[[ Supplied material, beginning ]]
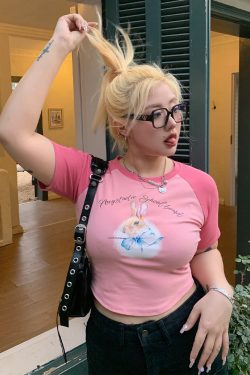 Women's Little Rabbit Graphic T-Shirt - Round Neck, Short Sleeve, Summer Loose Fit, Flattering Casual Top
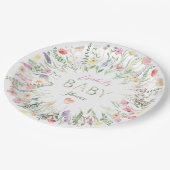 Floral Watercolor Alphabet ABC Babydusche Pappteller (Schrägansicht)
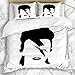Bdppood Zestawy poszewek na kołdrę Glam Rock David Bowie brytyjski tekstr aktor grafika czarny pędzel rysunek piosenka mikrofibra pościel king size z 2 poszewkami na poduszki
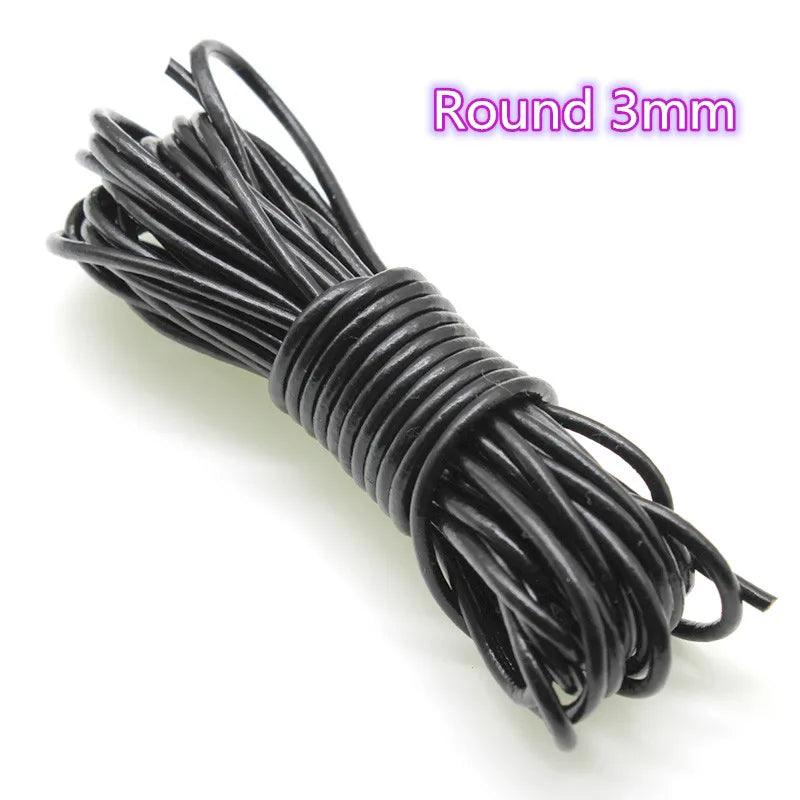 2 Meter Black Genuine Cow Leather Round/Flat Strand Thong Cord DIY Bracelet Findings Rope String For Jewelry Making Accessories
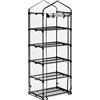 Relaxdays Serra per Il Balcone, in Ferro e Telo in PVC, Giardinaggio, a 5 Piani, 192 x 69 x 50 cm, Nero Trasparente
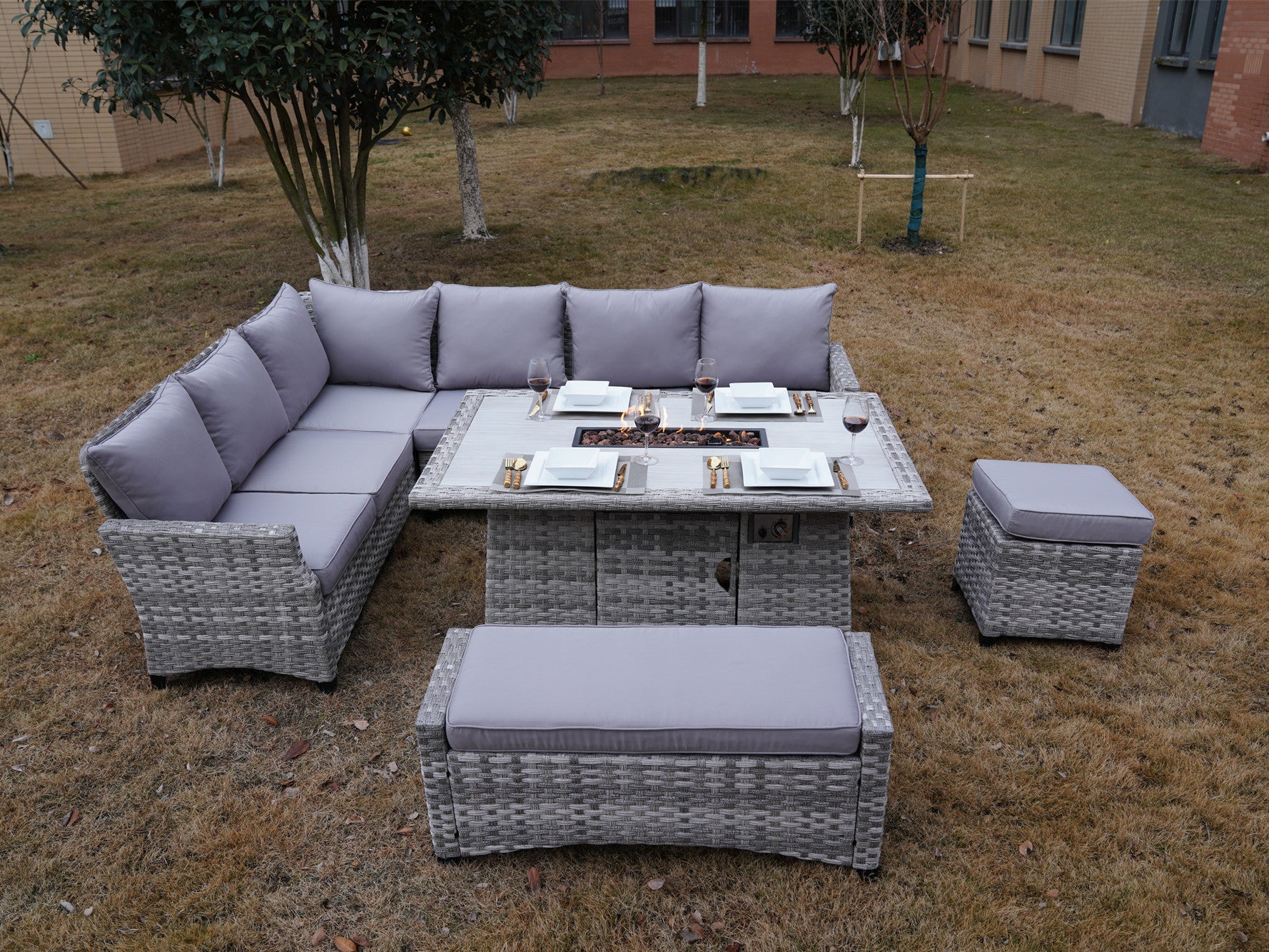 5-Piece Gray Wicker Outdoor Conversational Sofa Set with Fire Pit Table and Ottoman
[[ Supplied material, end ]]
Problem details:
All preceding records should be duplicated verbatim, images excepted.

Answer section:
 Women's Little Rabbit Graphic T-Shirt - Round Neck, Short Sleeve, Summer Loose Fit, Flattering Casual Top
 Floral Watercolor Alphabet ABC Babydusche Pappteller (Schrägansicht)
Bdppood Zestawy poszewek na kołdrę Glam Rock David Bowie brytyjski tekstr aktor grafika czarny pędzel rysunek piosenka mikrofibra pościel king size z 2 poszewkami na poduszki
 2 Meter Black Genuine Cow Leather Round/Flat Strand Thong Cord DIY Bracelet Findings Rope String For Jewelry Making Accessories
 Relaxdays Serra per Il Balcone, in Ferro e Telo in PVC, Giardinaggio, a 5 Piani, 192 x 69 x 50 cm, Nero Trasparente
 5-Piece Gray Wicker Outdoor Conversational Sofa Set with Fire Pit Table and Ottoman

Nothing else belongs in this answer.